3.2.1. Can These Pockets Tie Up Small Drug Molecules?

The six potential targets contain “SL + Invariant” positions predicted to be good spots to avoid resistance. To be of therapeutic interest, these targets should constitute binding sites, meaning pocket-shaped locations and composed of atoms that a drug-like molecule (small molecule) can bind. From the PDB three-dimensional HA structure 1RU7, Fpocket software determines protein regions that can form binding pockets. To select less escape-prone targets, pockets composed of at least five residues positioned in one of the targets previously described, were retained. As our aim was to determine pockets binding small molecules, we also restricted pocket volumes to a range between 60 Å³ and 500 Å³ and set the Fpocket parameters to a minimum radius of alpha spheres at 2.5 Å and maximum radius of alpha spheres at 4 Å. With these parameters and our criteria, five binding candidate pockets were retrieved (Table 2).

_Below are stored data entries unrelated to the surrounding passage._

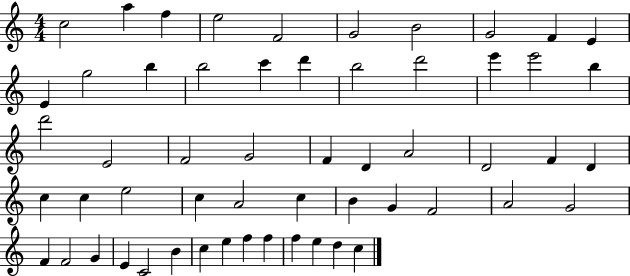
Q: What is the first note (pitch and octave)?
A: C5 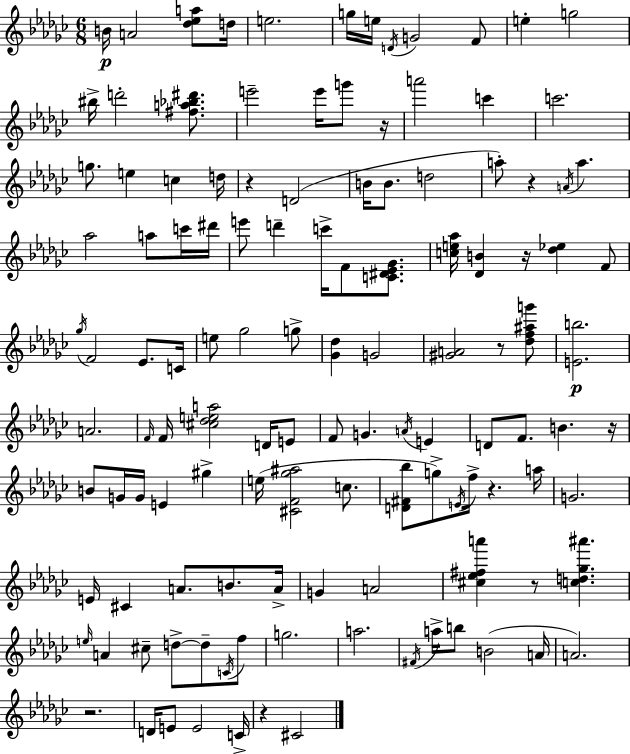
B4/s A4/h [Db5,Eb5,A5]/e D5/s E5/h. G5/s E5/s D4/s G4/h F4/e E5/q G5/h BIS5/s D6/h [F#5,A5,Bb5,D#6]/e. E6/h E6/s G6/e R/s A6/h C6/q C6/h. G5/e. E5/q C5/q D5/s R/q D4/h B4/s B4/e. D5/h A5/e R/q A4/s A5/q. Ab5/h A5/e C6/s D#6/s E6/e D6/q C6/s F4/e [C4,D#4,Eb4,Gb4]/e. [C5,E5,Ab5]/s [Db4,B4]/q R/s [Db5,Eb5]/q F4/e Gb5/s F4/h Eb4/e. C4/s E5/e Gb5/h G5/e [Gb4,Db5]/q G4/h [G#4,A4]/h R/e [Db5,F5,A#5,G6]/e [E4,B5]/h. A4/h. F4/s F4/s [C#5,Db5,E5,A5]/h D4/s E4/e F4/e G4/q. A4/s E4/q D4/e F4/e. B4/q. R/s B4/e G4/s G4/s E4/q G#5/q E5/s [C#4,F4,Gb5,A#5]/h C5/e. [D4,F#4,Bb5]/e G5/e E4/s F5/s R/q. A5/s G4/h. E4/s C#4/q A4/e. B4/e. A4/s G4/q A4/h [C#5,Eb5,F#5,A6]/q R/e [C5,D5,Gb5,A#6]/q. E5/s A4/q C#5/e D5/e D5/e C4/s F5/e G5/h. A5/h. F#4/s A5/s B5/e B4/h A4/s A4/h. R/h. D4/s E4/e E4/h C4/s R/q C#4/h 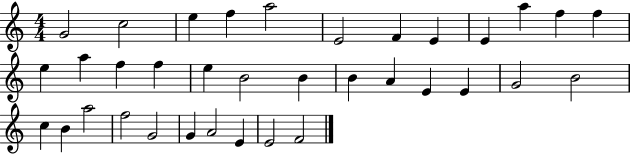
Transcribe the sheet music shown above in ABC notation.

X:1
T:Untitled
M:4/4
L:1/4
K:C
G2 c2 e f a2 E2 F E E a f f e a f f e B2 B B A E E G2 B2 c B a2 f2 G2 G A2 E E2 F2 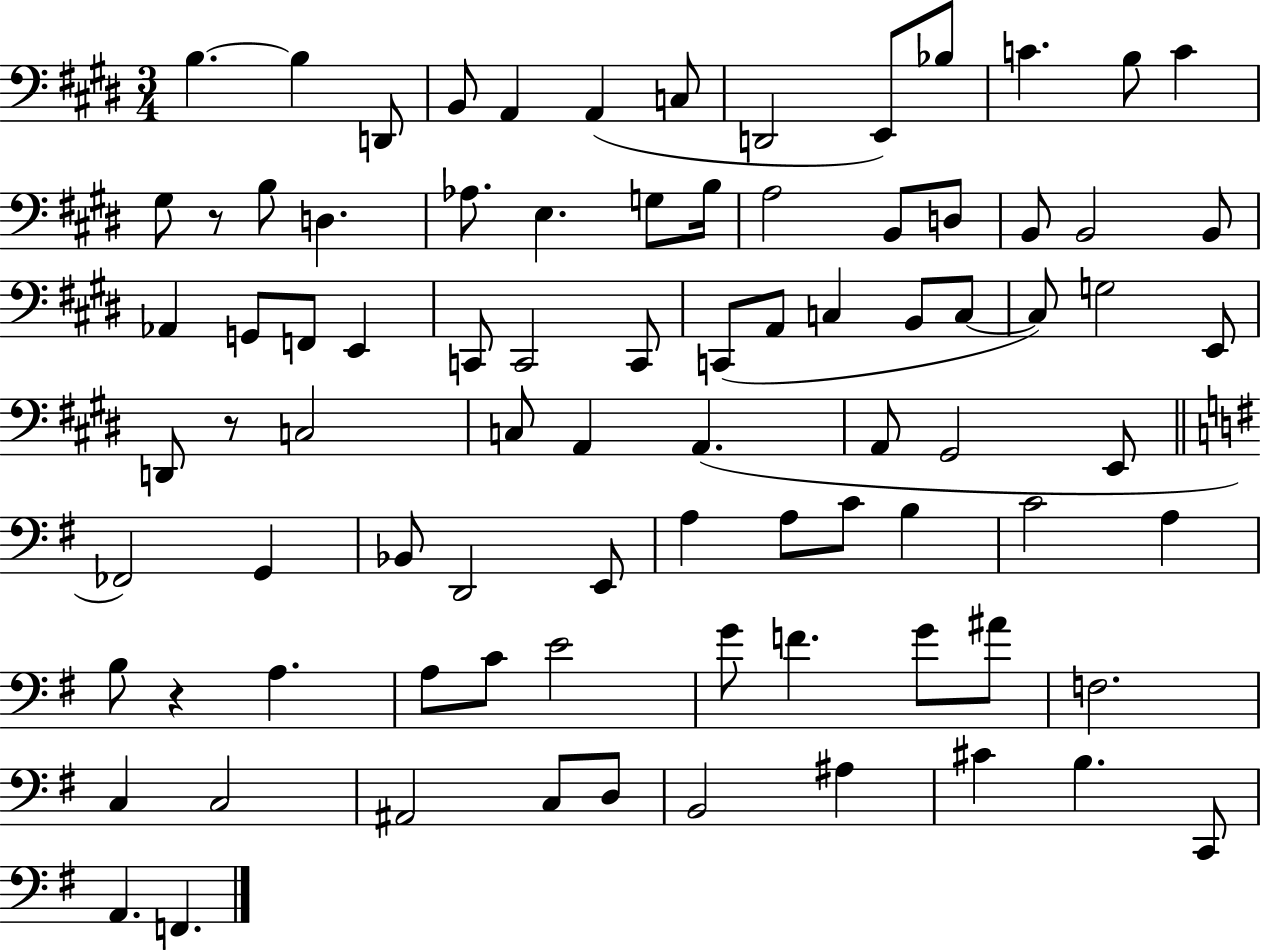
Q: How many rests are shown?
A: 3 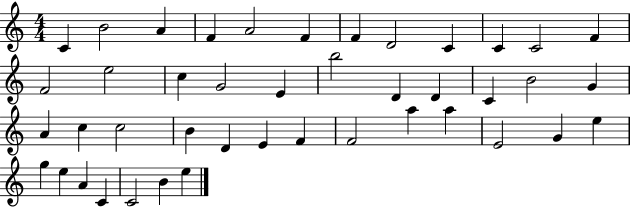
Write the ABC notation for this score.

X:1
T:Untitled
M:4/4
L:1/4
K:C
C B2 A F A2 F F D2 C C C2 F F2 e2 c G2 E b2 D D C B2 G A c c2 B D E F F2 a a E2 G e g e A C C2 B e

The volume site of the first pocket, containing positions 44, 47, 55, 274, and 286 is 488 Å³. The volume site of the second pocket is 175 Å³, and this pocket is composed of positions 621, 624, 655, 656, and 658. The third site is constituted by positions 624, 656, 658, 659, and 660: its site volume is 166 Å³. The volume of the fourth site formed of positions 571, 572, 575, 578, and 579 is 98 Å³. The last site containing positions 571, 572, 575, 578, 579, and 582 has a volume of 221 Å³.

3.2.2. The Role of Hemagglutinin Domains

To be efficient therapeutic targets, two specific goals should be fulfilled, first, to adequately bind to a small molecule, and secondly, once docked with this molecule, to be able to block an important HA function. Our method attempts to achieve these two goals, the first using Fpocket, the second using SL couples and invariant positions to define these targets. To confirm the legitimacy of our method we analyzed the protein structure in detail.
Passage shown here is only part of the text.